### DATA EXCERPT
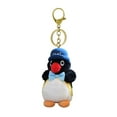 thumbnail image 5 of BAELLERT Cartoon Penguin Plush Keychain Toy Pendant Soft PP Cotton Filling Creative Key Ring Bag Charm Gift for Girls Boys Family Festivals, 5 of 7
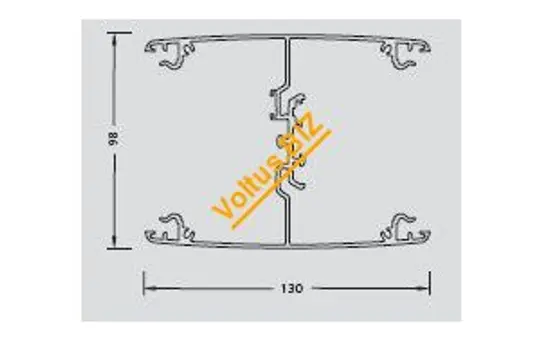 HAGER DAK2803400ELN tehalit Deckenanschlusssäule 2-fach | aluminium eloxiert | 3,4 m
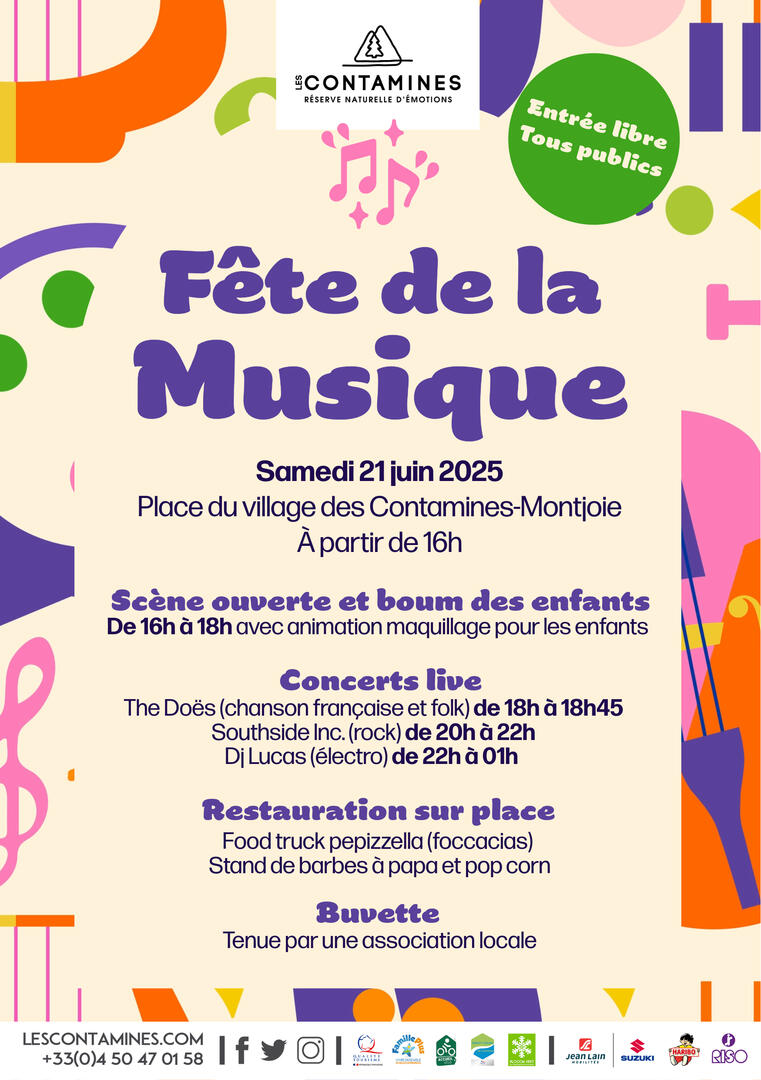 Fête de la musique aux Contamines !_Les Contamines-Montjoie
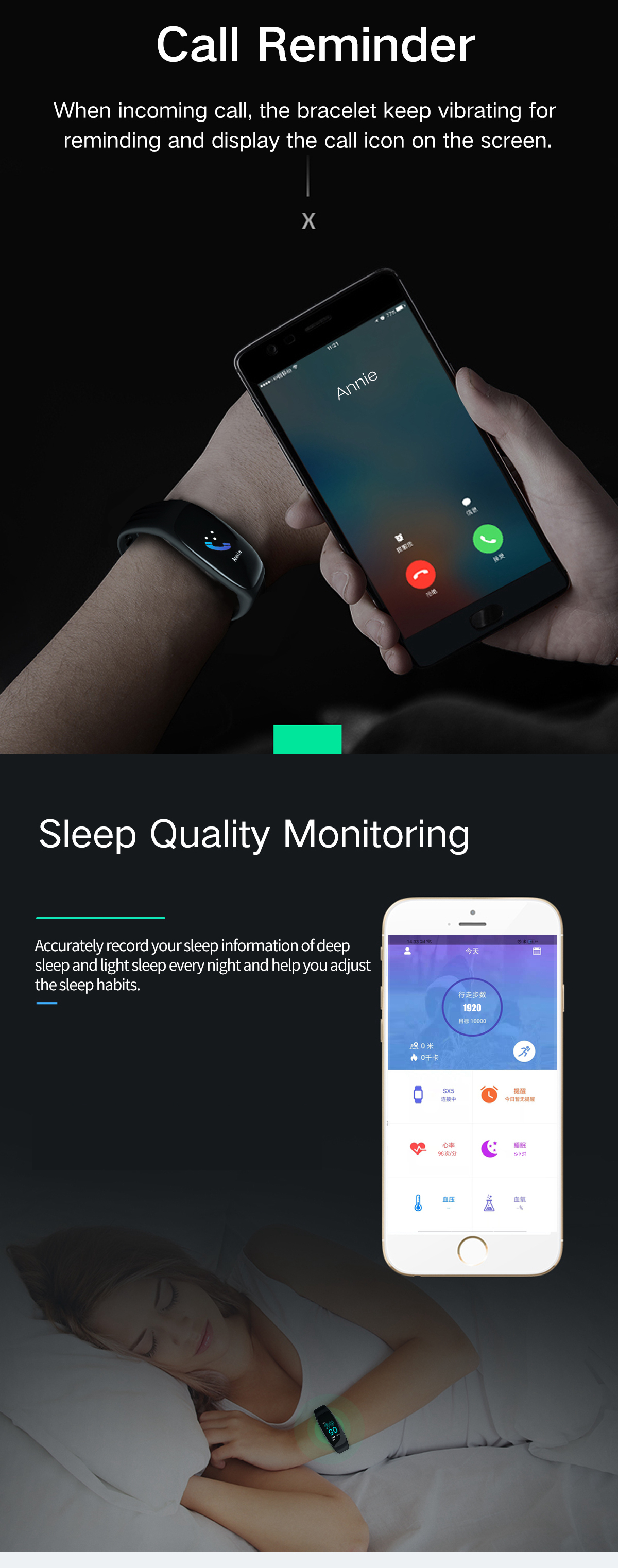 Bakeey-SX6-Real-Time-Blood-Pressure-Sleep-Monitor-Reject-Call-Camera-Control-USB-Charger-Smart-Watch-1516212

### EXERCISE
Restrict the output to the lines from the one with "Fête de la musique" through the last line of the material above. Print them exactly, leaving out every picture.

### RESULT
 Fête de la musique aux Contamines !_Les Contamines-Montjoie
 Bakeey-SX6-Real-Time-Blood-Pressure-Sleep-Monitor-Reject-Call-Camera-Control-USB-Charger-Smart-Watch-1516212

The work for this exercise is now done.